Trailer Review: Snow White and the Huntsman
What’s that? Jack and Jill made 25 million opening weekend? F--k my life.

I’m not going to lie to you. I was interested within twenty seconds. Moody music, medieval battles (I’ve been on a Game of Thrones kick) and some interesting special effects are making me give it a chance. Charlize Theron is both hot and menacing and I think I’m into that. AAAAAAAnd now she’s covered in white stuff. I think I’m into that too.

Trailer Review: Snow White and the Huntsman
Hmm… This better not awaken anything in me.

Of course you have to have the “mirror, mirror” crap. It wouldn’t be snow white without it. Nice of them to try to put some spin on it by having the CG guy slime his way out of the mirror. I wonder who’s playing Snow White in this movie anyw—AH S--T It’s Kristen Stewart.

This young leading lady does not have a solid track record with me. Her most memorable performances were either in Twilight or Jumper. It’s not what I call quality.

Trailer Review: Snow White and the Huntsman
She could most likely be replaced with a can of soup.

I get it though; she’s in right now. People will pay to see her and she likes making money. I’m certain this is just another job for her but you can’t blame her for that.

A quick shot of Stewart’s pretty face and that’s all of the pretense you need. Of course, you’ve had it since you were old enough to remember bedtime stories, but that’s beside the point.

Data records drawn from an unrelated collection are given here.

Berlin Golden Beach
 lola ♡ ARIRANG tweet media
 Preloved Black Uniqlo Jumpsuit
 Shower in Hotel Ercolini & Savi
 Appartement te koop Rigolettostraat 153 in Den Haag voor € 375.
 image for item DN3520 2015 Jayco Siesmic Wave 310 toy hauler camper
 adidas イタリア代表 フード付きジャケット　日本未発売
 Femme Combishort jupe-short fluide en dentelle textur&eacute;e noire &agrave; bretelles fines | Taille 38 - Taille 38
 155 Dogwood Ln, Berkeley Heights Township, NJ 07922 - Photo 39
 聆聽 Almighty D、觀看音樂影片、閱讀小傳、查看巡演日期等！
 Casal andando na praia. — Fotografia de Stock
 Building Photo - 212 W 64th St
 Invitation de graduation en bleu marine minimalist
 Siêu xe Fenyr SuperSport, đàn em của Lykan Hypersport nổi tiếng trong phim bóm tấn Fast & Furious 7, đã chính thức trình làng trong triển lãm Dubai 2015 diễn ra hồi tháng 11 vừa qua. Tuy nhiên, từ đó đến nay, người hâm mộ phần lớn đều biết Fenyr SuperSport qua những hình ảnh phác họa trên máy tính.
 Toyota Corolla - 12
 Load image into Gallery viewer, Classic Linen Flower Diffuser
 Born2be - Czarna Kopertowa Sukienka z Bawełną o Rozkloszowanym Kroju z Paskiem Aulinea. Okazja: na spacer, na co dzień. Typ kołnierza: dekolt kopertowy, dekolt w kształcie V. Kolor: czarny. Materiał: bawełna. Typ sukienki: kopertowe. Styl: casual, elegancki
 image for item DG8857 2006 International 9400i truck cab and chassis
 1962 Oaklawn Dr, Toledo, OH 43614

They hit you with the “THIS SUMMER” and it’s onto the slew of captivating imagery in no particular order designed to interest you in the film without letting you know what the f--k it’s about.

We’re checking out some moody fantasy landscapes, there’s a weird a bat-thing, and Chris Hemsworth is doing his best “get angry and throw whatever carpentry tool is closest” face. He spouts out his lines in what I think is a Scottish accent and then we’re back to Inception-ish music over more random imagery. We get out glimpse of our Prince Charming (played by Sam Claflin). He’s pretty dreamy.

You get your shot of the red apple. Maybe Kristen will just sleep for a majority of the movie. Oh wait. She’s leading a f-----g army. There goes that pipedream.

Trailer Review: Snow White and the Huntsman
Did anyone else notice that giant troll thing? That wasn’t just me? Ok, cool.

Charlize gives the final lines with as much bad-assery as she can and that’s when I realize it:

This movie looks cool.

Now note that I didn’t say this movie looks GOOD. It looks cool. I would watch it eventually, if it was on TV and nothing else was.

Despite being from the producers of Alice in Wonderland, they didn’t Burtonize it. It was a bit dark and moody (as a film about eating someone’s heart should be). There’s fantasy and battles and Charlize Theron exploding into a flock of crows. Chris Hemsworth is constantly likable and for all intents and purposes Kristen Stewart could be in a half-dead slumber for anywhere from a quarter to two-thirds of the movie.

Am I going to go see it opening night? F--k no. It’ll take a lot more than that to get me in a seat. Do you know how expensive going to the movies is nowadays? However, I won’t blame you if you want to.